How a skate and hip hop festival turned Mississauga into one big backyard for a July night

By: Marie Pascual

On Saturday night, my partner and I parked at Square One in Mississauga. We were chasing noise and kettle corn, curious to see if Canada’s largest free action sports festival could really turn a mall hub into something electric. Jackalope promised three days of skateboarding, BMX, breakdancing, and more. By the end of the weekend, around 50,000 people would drift through Celebration Square. We showed up just hoping to see how fearless people could get.

It didn’t take long to find out. The square was buzzing. DJs were throwing down overlapping sets, so you’d catch breakbeats in one ear and slow hip hop in the other. The air smelled like sweat, hot asphalt, and sweet kettle corn. Vendors were handing out free Haribo gummies to kids darting between the crowd. About 500 people clustered by the bouldering wall, cheering whenever a climber slipped, then scrambled back up and laughed it off.

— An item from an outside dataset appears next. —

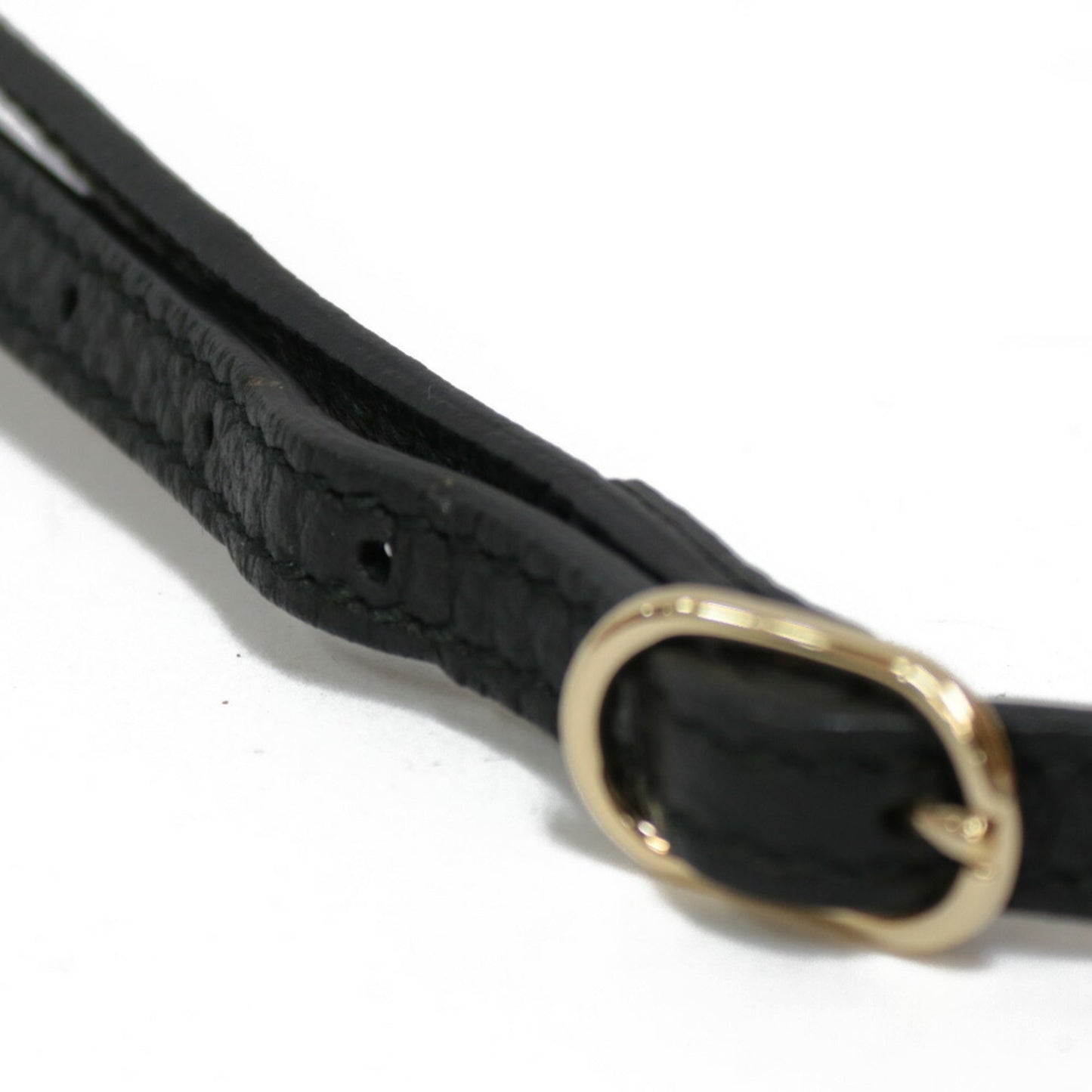 Gucci Shoulder Bag Handbag Black Ladies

Nearby, skateboarders took turns on rails and vertical walls. Some were kids barely four years old. Others were grown adults covered in tattoos with pants so baggy they nearly swallowed their boards. Every time someone fell, they popped up grinning before half the crowd even realized they had hit the ground.

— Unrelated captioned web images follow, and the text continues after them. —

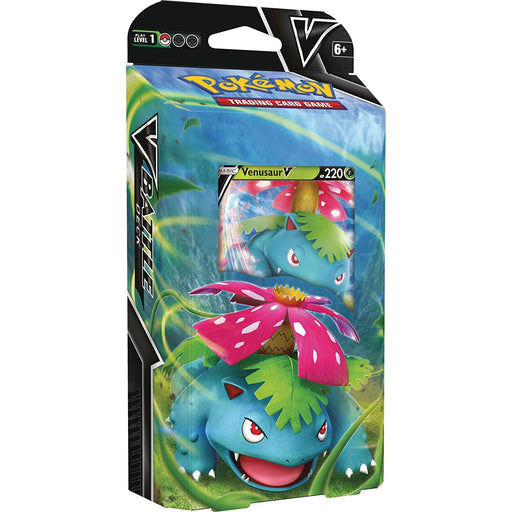 Pokémon TCG: Venusaur V Battle Deck - Premium Theme Deck - Just $19.99! Shop now at Retro Gaming of Denver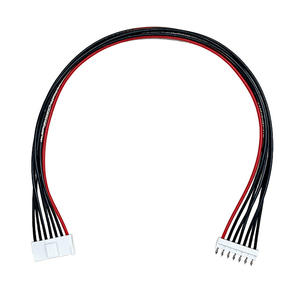 Op maat gemaakte elektronische VH3.96 bedradingssysteem <span class=keywords><strong>2</strong></span> 4 6 8 15 16 20-pins connector kabel fabrikanten voor consumentenelektronica - Product Image 3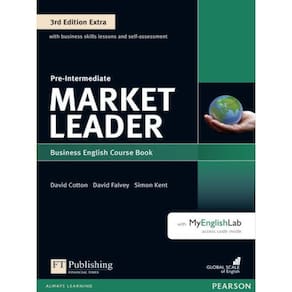 Market Leader - Pre-Intermediate Coursebook With Dvd-Rom And Myenglishlab - Third Edition Extra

At the breakdance stage, the DJ watched the dancers closely, feeding them beats that made toddlers bounce and older heads nod along. An announcer yelled, “Love is the second element of hip hop!” after watching two rivals hug, share daps, and clutch their beanies in awe when someone nailed a move that seemed impossible. A crew named Pizza Poutine advanced to the finals. It was probably the most Canadian thing I heard all night.

We found a patch of grass and watched it all unfold on the big screen. Right in front of us, a toddler spun in sloppy circles trying to copy the dancers. Her face was lit up with joy. Her mom recorded it on her phone while her dad stood there with his arms folded, trying to look serious, even though his foot still tapped to the beat.

The crowd was a full mix of Mississauga. There were old skaters, Gen Z kids with pink-kiss hair, immigrant families taking selfies, and cops who on another night might have been handing out tickets. Instead, they were filming breakdance battles and lining up for free Arizona teas.

On the bleachers, I met a woman who has lived nearby for years. “It’s usually concerts here, or a skating rink in the winter,” she told me. “I’ve never seen breakdancing and hip hop take over the square like this. I’m glad we wandered in. Makes me love this area even more.”

That felt like the real point of Jackalope, at least to me. It wasn’t just about the pros landing 360 flips or kids taking gentle spills off the climbing wall. It was about how all these people, families, newcomers, old heads, cops, and skaters, gathered close, laughed when someone fell, and cheered even harder when they got back up. For a few hours on a humid July night, Mississauga felt less like a sprawl of condos and more like one big backyard. Everyone was moving to the same beat.